YOUR ASSIGNMENT. Your response should consist of the entire listing, transcribed exactly, with every image left out.

INPUT DATA.

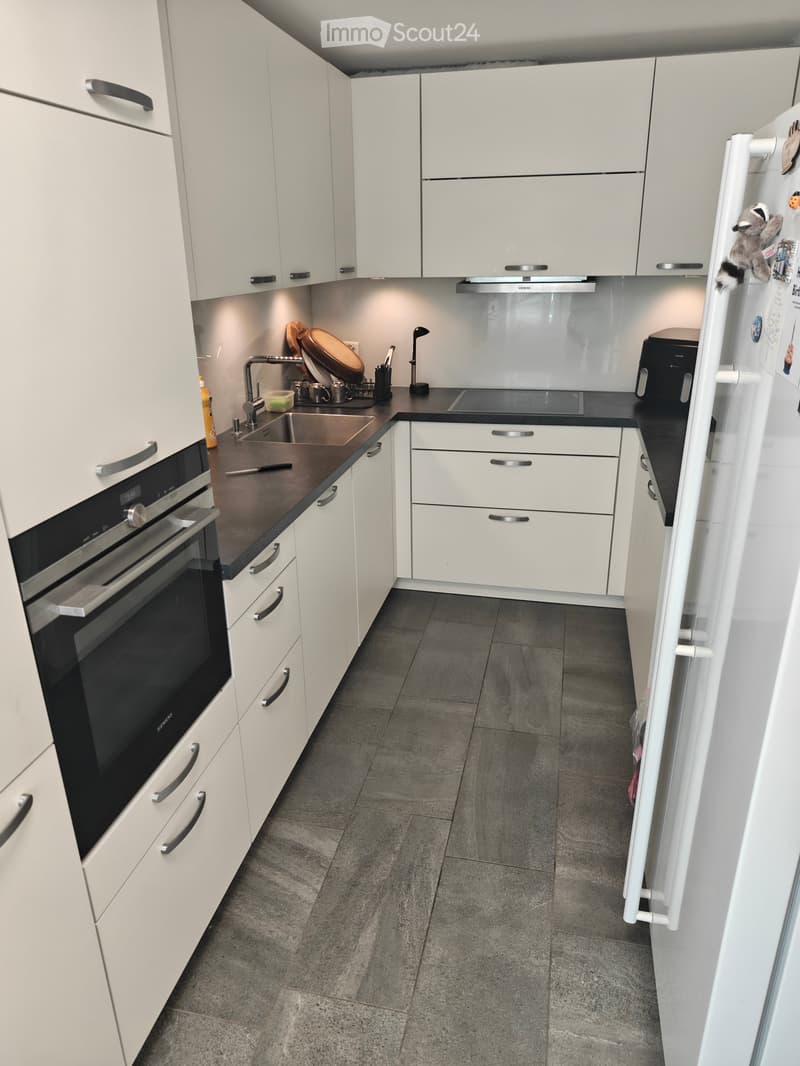Modern kitchen with white cabinets, stainless steel appliances, and a dark countertop. Features include an oven, refrigerator, sink, and various kitchen utensils.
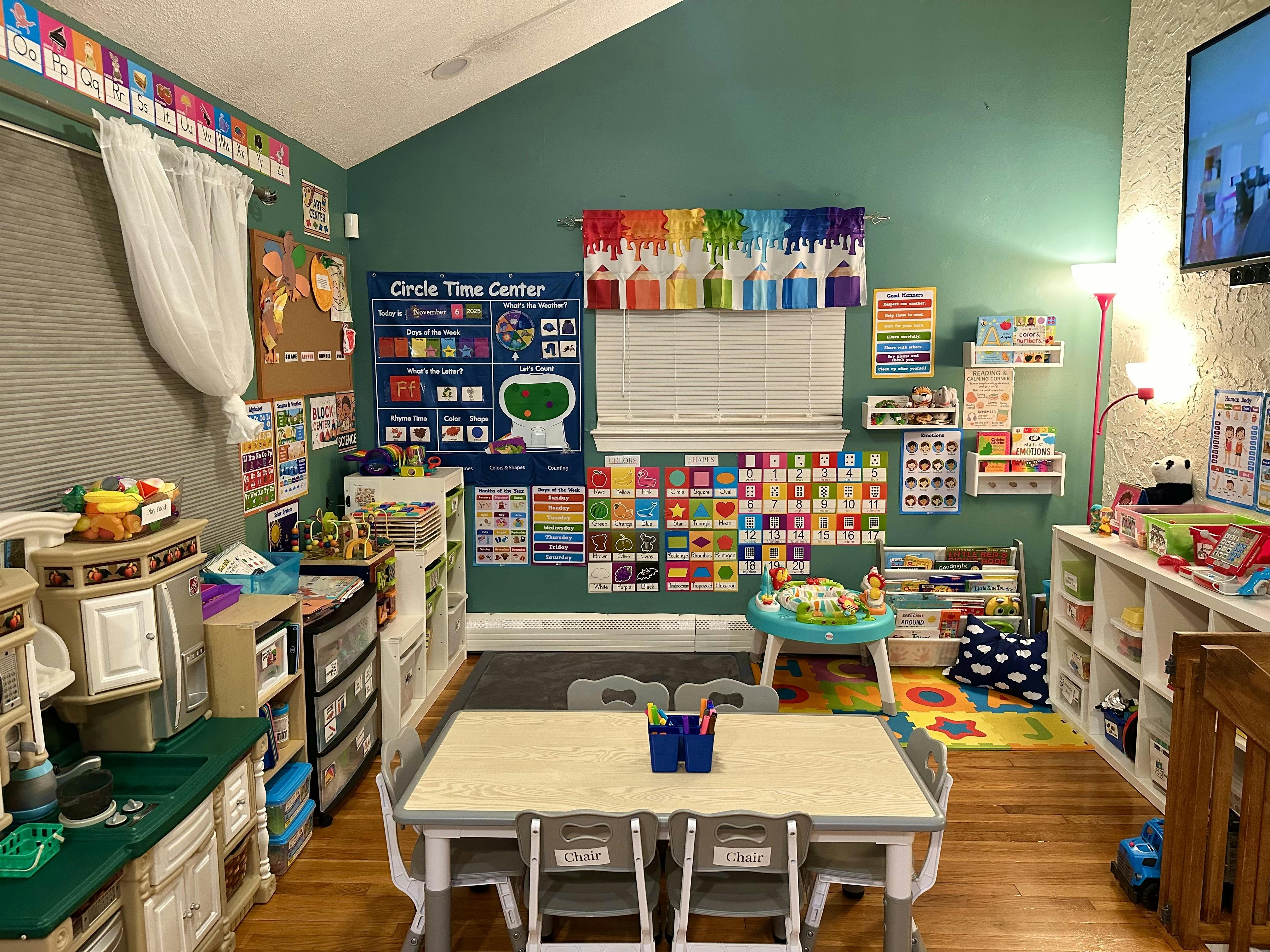 A colorful classroom with a table and chairs, play kitchen, and learning charts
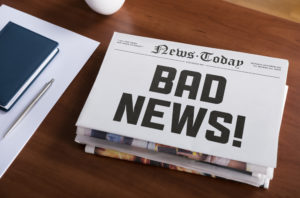 newspaper headline: bad news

OUTPUT BELOW.
Modern kitchen with white cabinets, stainless steel appliances, and a dark countertop. Features include an oven, refrigerator, sink, and various kitchen utensils.
 A colorful classroom with a table and chairs, play kitchen, and learning charts
 newspaper headline: bad news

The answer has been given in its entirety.